Search code examples
pythonregex-alternation

Python regex: Using Alternation for sets of words with delimiter


I want to match a string for which the string elements should contain specific characters only:

  • First character from [A,C,K,M,F]
  • Followed by a number (float or integer). Allowed instances: 1,2.5,3.6,9,0,6.3 etc.
  • Ending at either of these roman numerals [I, II, III, IV, V].

The regex that I am supplying is the following

bool(re.match(r'(A|C|K|M|F){1}\d+\.?\d?(I|II|III|IV|V)$', test_str))
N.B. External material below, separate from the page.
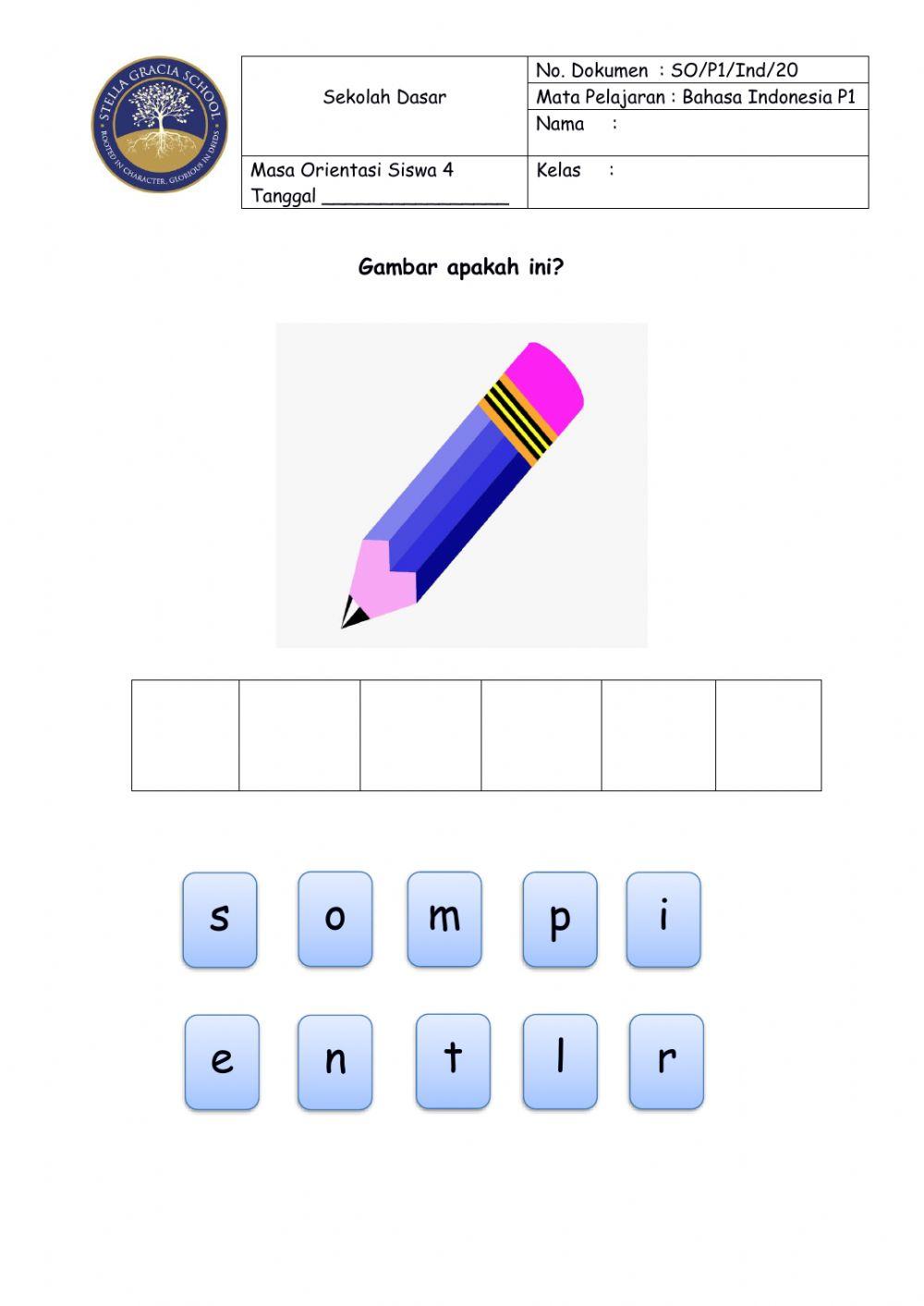 Masa Orientasi Siswa 04 Hlm 5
"(I|II|III|IV|V)" part will return true for test_str='C5.3IV' but I want to make it true even if two of the roman numerals are present at the same time with a delimiter / i.e. the regex query should retrun true for test_str='C5.3IV/V' also.
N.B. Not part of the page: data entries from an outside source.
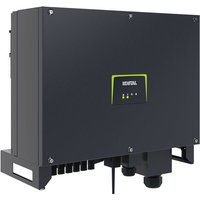 Kostal - piko ci 30 Solar-Wechselrichter 30 kW Photovoltaik Solar pv 3-phasig String 0% nach §12 Abs. 3 UstG von KOSTAL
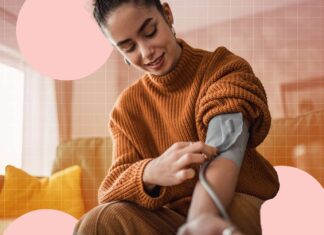 6 Myths About High Blood Pressure You Shouldn’t Believe 6 Myths About High Blood Pressure You Shouldn't Believe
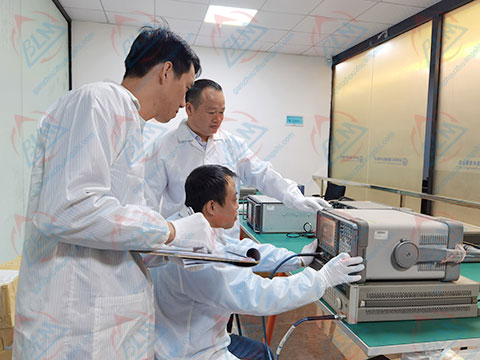 时间频率午夜精品一区二区三区在线视频图片
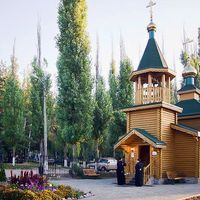 170712-voronezh-maertyrer-01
How should I modify the regex?

Thanks


Solution

  • Try this:

    bool(re.match(r'[ACKMF]\d+\.?\d?(I|II|III|IV|V)(/(I|II|III|IV|V))*$', test_str))
    

    I also changed the start of your expression from (A|C|K|M|F){1} to [ACKMF] Characters between square brackets form a character class. Such a class matches one character out of a range of options. You most commonly see them with ranges like [A-Z0-9] to match capital letters or digits, but you can also add individual characters, as I've done for your regex.